■ What you should do ■
In the entries below, find the line containing "Artlantis 10 Kasım" and the line containing "Poszter világos tölgy". Copy those two lines and everything between them exactly, and only that.

━━━━━ Supplied entries

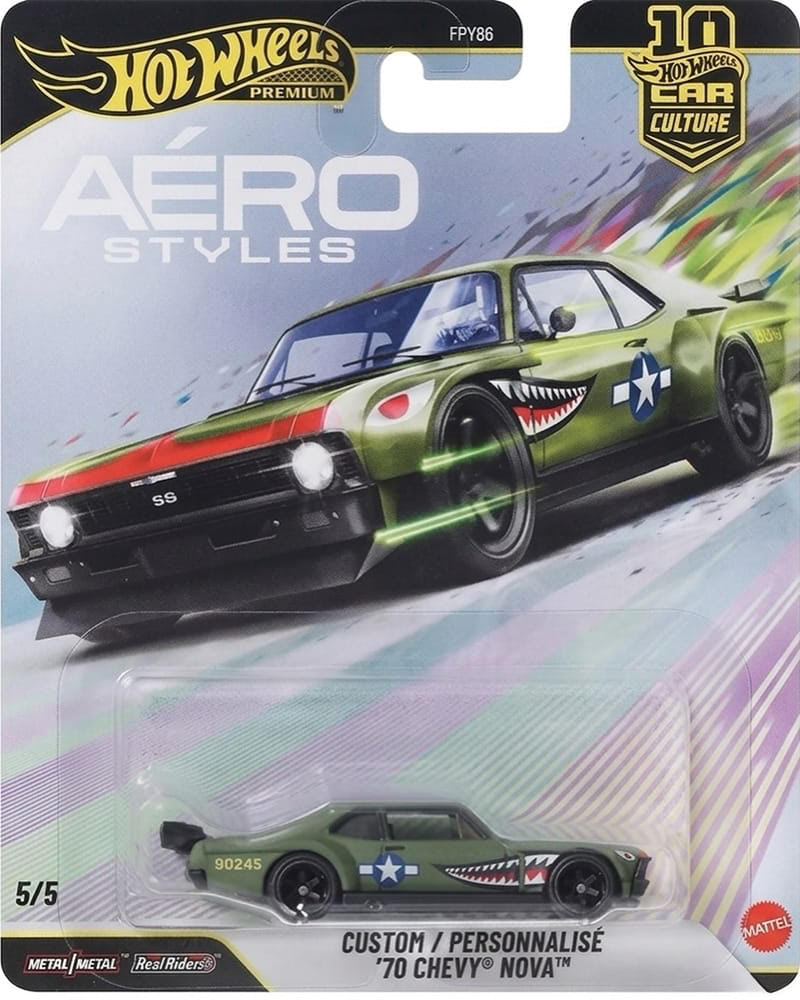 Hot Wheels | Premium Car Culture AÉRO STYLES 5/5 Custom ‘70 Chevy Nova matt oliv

━━━━━━━━━━
━━━━━ Supplied entries

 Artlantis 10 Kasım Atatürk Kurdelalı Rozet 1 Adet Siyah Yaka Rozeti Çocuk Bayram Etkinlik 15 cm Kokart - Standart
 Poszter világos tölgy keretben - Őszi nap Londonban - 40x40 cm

━━━━━━━━━━
━━━━━ Supplied entries

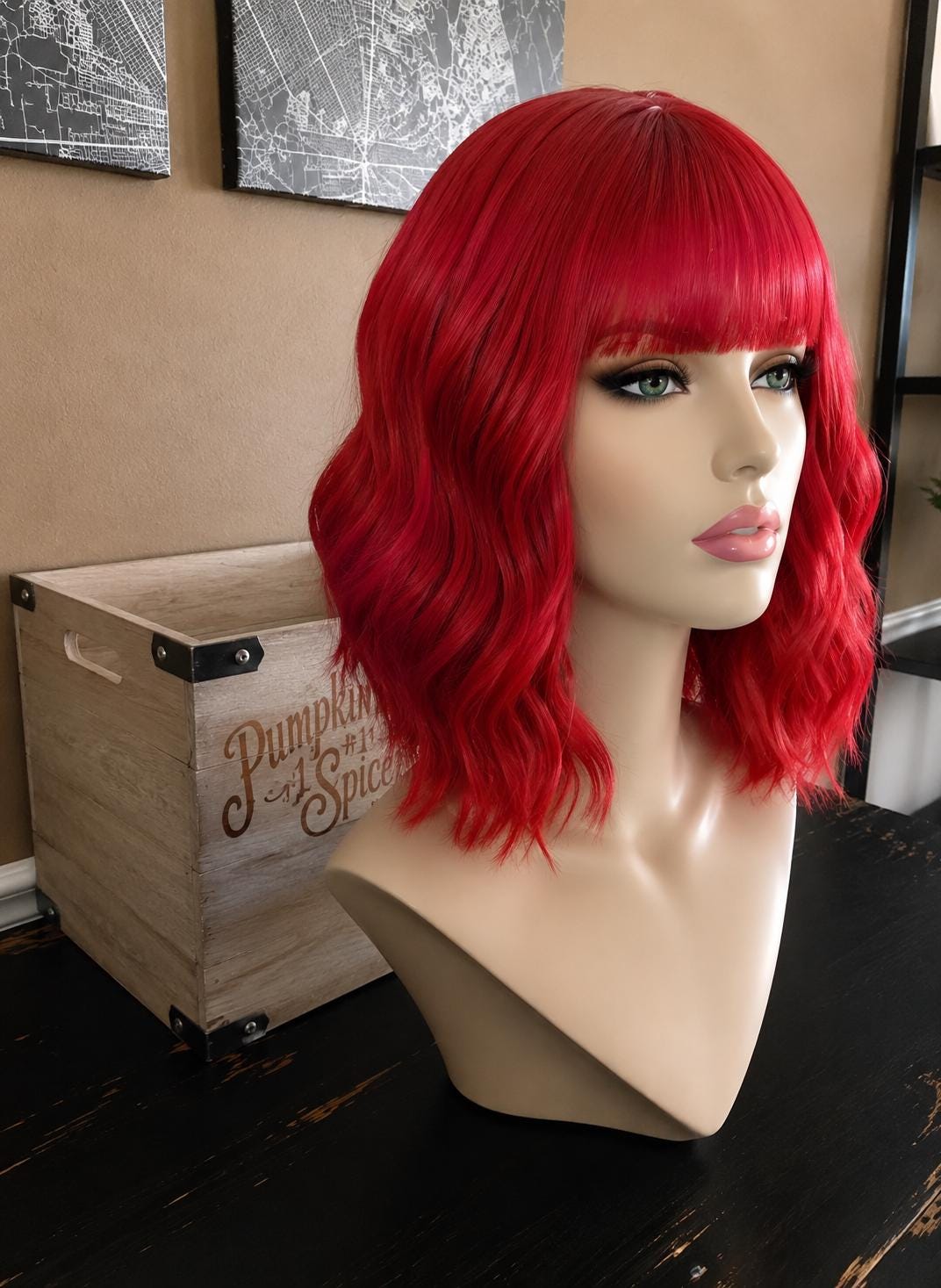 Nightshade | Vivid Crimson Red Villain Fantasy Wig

━━━━━━━━━━

■ Response box ■
 Artlantis 10 Kasım Atatürk Kurdelalı Rozet 1 Adet Siyah Yaka Rozeti Çocuk Bayram Etkinlik 15 cm Kokart - Standart
 Poszter világos tölgy keretben - Őszi nap Londonban - 40x40 cm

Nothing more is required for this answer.